Likely due to researchers being biased by the abrupt extinction event when an asteroid collision ended the Age of Dinosaurs, mass extinction events have been arbitrarily defined as a short-lived die-off. However, such an artificial time constraint on extinction processes is now being challenged by the modern concept of “Dead Clades Walking”.
Researchers are increasingly finding mass extinction events are triggered by various detrimental events that happened 10 to 100 million years earlier. Narrowly focusing on events happening 252 million years ago, totally obscures the drivers of extinction.
As illustrated in the graphic above, Bambach shows before modern times, the evolution of new genera relative to extinctions was greatest during the Devonian 400 million years ago when CO2 levels hovered between 4000 & 2000 ppm and global average air temperature was estimated at 22.4°C, much higher than the 20th century average of 13.9°C.
As CO2 decreased, so did the number of genera.
When the framework of “Dead Clades Walking” is applied to the end-Permian extinctions, CO2 starvation emerges as the driver. CO2 starvation reduces photosynthesis and the productivity needed to support entire food webs. The end-Permian extinctions were the culmination of greatly reduced biodiversity happening over the previous 50 million years, resulting from reduced photosynthesis.

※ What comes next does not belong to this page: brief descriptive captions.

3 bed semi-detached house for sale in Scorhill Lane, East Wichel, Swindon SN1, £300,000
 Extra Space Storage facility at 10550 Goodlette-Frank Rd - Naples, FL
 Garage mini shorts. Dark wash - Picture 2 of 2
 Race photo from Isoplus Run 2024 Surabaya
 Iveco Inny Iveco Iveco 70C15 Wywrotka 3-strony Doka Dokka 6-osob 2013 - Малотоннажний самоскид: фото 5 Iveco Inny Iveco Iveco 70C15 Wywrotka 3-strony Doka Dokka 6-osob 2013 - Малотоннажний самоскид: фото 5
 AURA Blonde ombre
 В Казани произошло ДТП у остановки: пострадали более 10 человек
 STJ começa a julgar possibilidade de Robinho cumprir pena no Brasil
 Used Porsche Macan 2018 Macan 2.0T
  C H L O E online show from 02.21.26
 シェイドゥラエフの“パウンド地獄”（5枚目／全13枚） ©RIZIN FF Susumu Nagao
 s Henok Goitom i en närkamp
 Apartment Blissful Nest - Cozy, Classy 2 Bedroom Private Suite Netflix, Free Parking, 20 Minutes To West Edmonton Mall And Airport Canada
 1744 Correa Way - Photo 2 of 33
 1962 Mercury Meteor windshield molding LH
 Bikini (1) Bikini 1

As shown above by Kroeck (2022), very few new phytoplankton species ever originated during the late Carboniferous and Permian as CO2 concentrations plummeted to 100 to 200 ppm by the early Permian, its lowest levels ever.
The resulting series of small extinctions throughout the Permian were punctuated by the larger extinction events mentioned below, culminating in the end-Permian’s deadly finality.
~305 MYA – Late Carboniferous:
With coal beds sequestering carbon and lowering atmospheric CO2 to starvation levels, Carboniferous tropical rainforests collapsed.
Similarly early stages of a controversial “phytoplankton blackout” appeared (see figure below), named for the extremely low diversity and abundance of phytoplankton fossil evidence. Clearly the base of the earth’s food webs was being devastated.
~300-265 MYA – early Permian:
As CO2 starvation reduced photosynthesis, it also reduced oxygen concentrations from its high of 35%, then falling far below today’s 20% by end Permian.
Giant insects and skin-breathing fish-like amphibian creatures (Lepospondyli) that had evolved and adapted to high oxygen levels in the Carboniferous quickly went extinct. Terrestrial animals were limited to low altitudes due to lack of oxygen at higher elevations.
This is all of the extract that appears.